Avoid Pipe Problems Caused by Invasive Plants
By Mike Madden
You probably know that trees and other plants require water and nutrients to grow, but did you know that when the ground lacks moisture, their roots will seek out any other available water source? This can result in roots infiltrating and causing damage to leaking or defective sewer pipes or joints.
Some trees, bushes and plants have a more invasive root system than others, so it’s important to know what’s growing near private or public sewer infrastructure. Soil condition can also affect how far roots will travel.
A number of factors can help determine if you might have a root issue. First and foremost: the age of the pipes. Sewer systems installed in the early 1900s were typically clay pipes in 3-foot sections mortared together at their joints. Over time, the mortar begins to crack and fall apart. In the 1960s, plumbers began using rubber gaskets when putting pipes together, but that didn’t address all root issues. It wasn’t until the arrival of PVC that root issues started to diminish. But even PVC isn’t fool proof – root problems can surface if the pipe was installed incorrectly or the joints aren’t glued correctly.
Recommended Trees and Bushes
Regardless of how old your sewer infrastructure is, it is a good idea to stick with trees and bushes that don’t have aggressive root systems if planting near sewer infrastructure. The following tree species could pose problems: ash, sweetgum, poplar and cottonwood, oak (usually lowland varieties), locust, willow, basswood, tulip tree, sycamore, and many acer species (red, sugar, Norway, silver maples, and boxelder). The following bush species also have aggressive root systems: boxwood shrubs, holly bushes and shrubs, and ivy plants.
Trees that are typically recommended near pipes include Amur maple, Japanese maple, dogwood, redbud, and fringetree.
Locating Water or Drainage Lines
Of course, before you can determine the best option, you will need to figure out if there are any water or drainage lines on your property. The first thing you can do it survey your property for manhole covers, water meter covers, and cleanout caps (used for inspection and access points for sewage lines). If you suspect you may have some pipes in areas near trees, you can request a map from public utilities or call 811 to have utilities marked. You can view a map of SD1 infrastructure at our GIS Maps page.

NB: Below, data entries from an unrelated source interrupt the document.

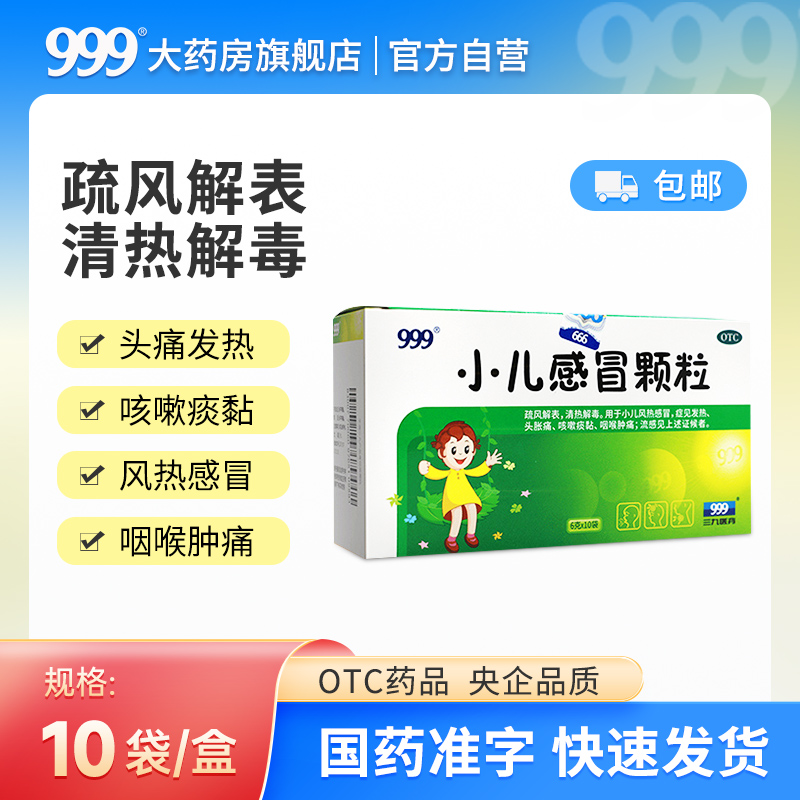 【999】小儿感冒颗粒6g*10袋/盒三九小儿感冒灵颗粒发热咽喉肿痛咳嗽清热解毒头胀痛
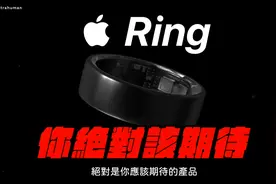 苹果首款智能戒指Apple Ring发布？#AppleRing #苹果发布会视频封面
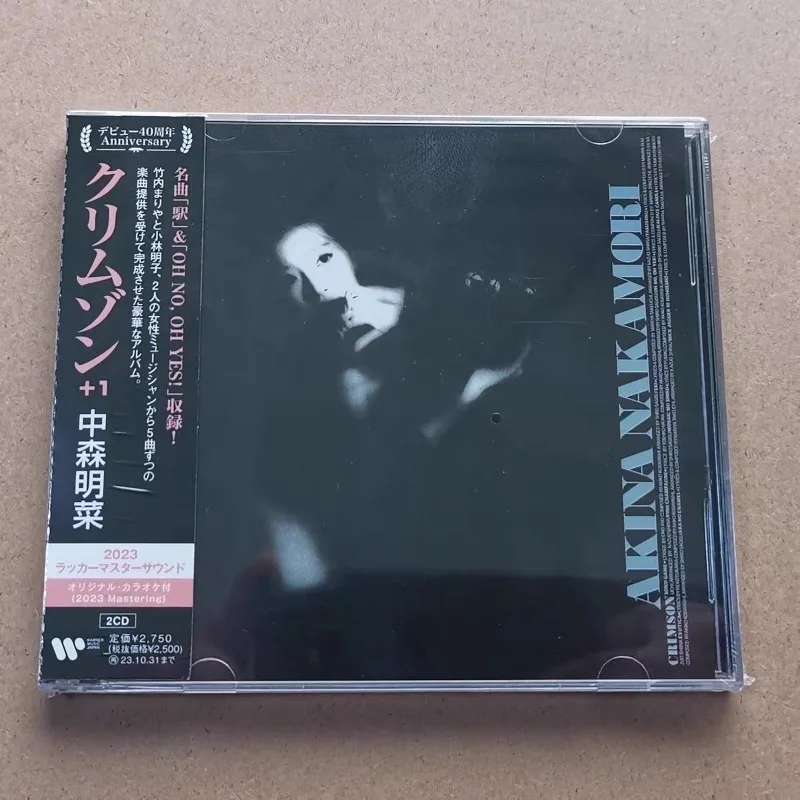 Akina Nakamori Crimson: Coleção Vintage J-Pop dos Anos 80, Remasterizado, Baladas City Pop Femininas, Conjunto de CDs 2CDs, Álbum Hi-Fi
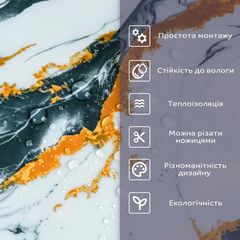 Інтер'єрні панелі СмартДекор, Мармур голден темно-синій, Дизайн: Мармур голден темно-сірий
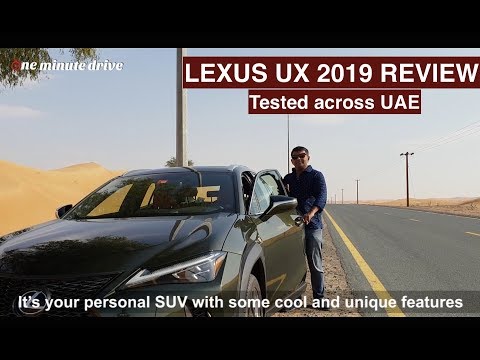 One Minute Drive Lexus UX Review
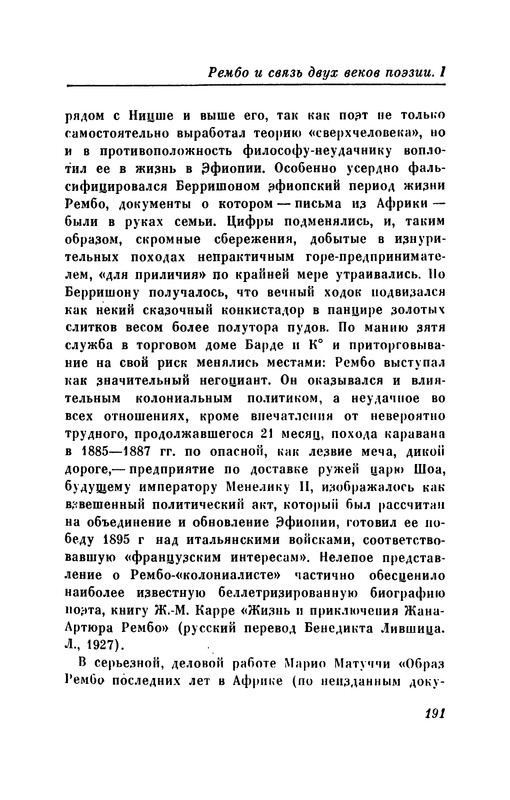 p0200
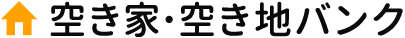 空き家・空き地バンク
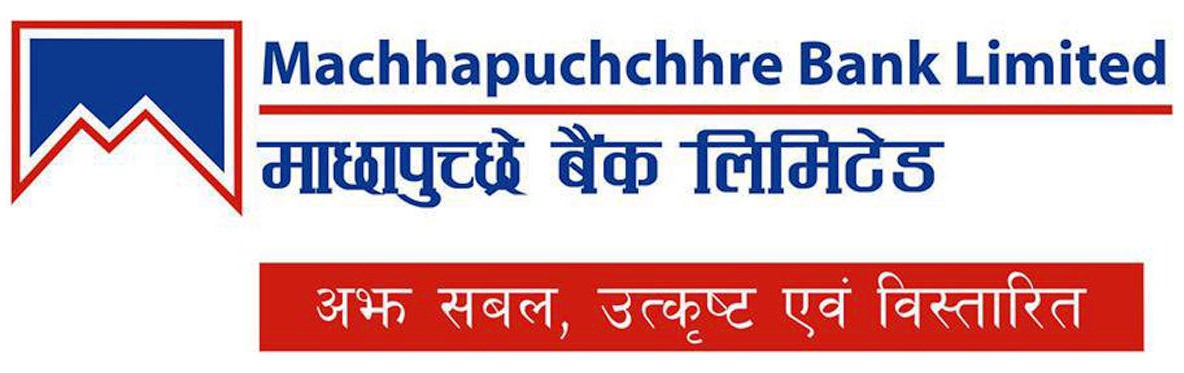 प्रक्रिया सम्बत् ग्राहकले आफ्नो खातामा जम्मा गरेको बचत सुरक्षित छः माछापुच्छ्रे बैंक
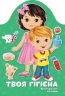 Твоя гігієна. Kids creative (Укр) Талант (9789669891907) (561846)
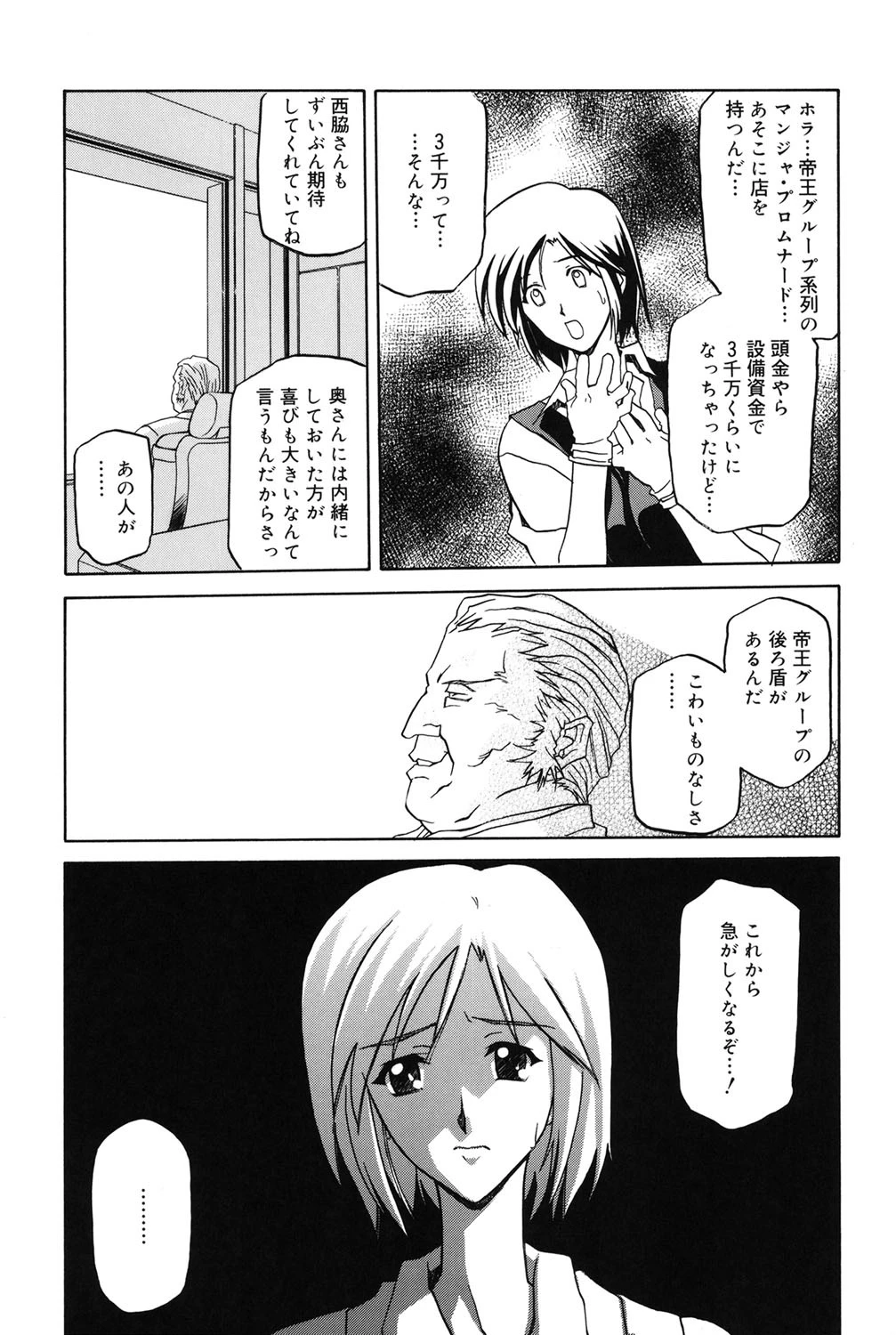蒼月の季節ページ10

If you suspect your pipe could be affected by roots, you can have a plumber run a camera through the pipe to inspect for trouble areas. This service usually costs between $200 and $300, which may seem pricey, but keep in mind that if you wait until there is a problem, you may end up with two inches of water in your basement and spend thousands on cleaning and restoration.
A service line inspection will tell you where your line goes and what condition the line is in. This helps to avoid surprises and lets you address small issues before they become big issues.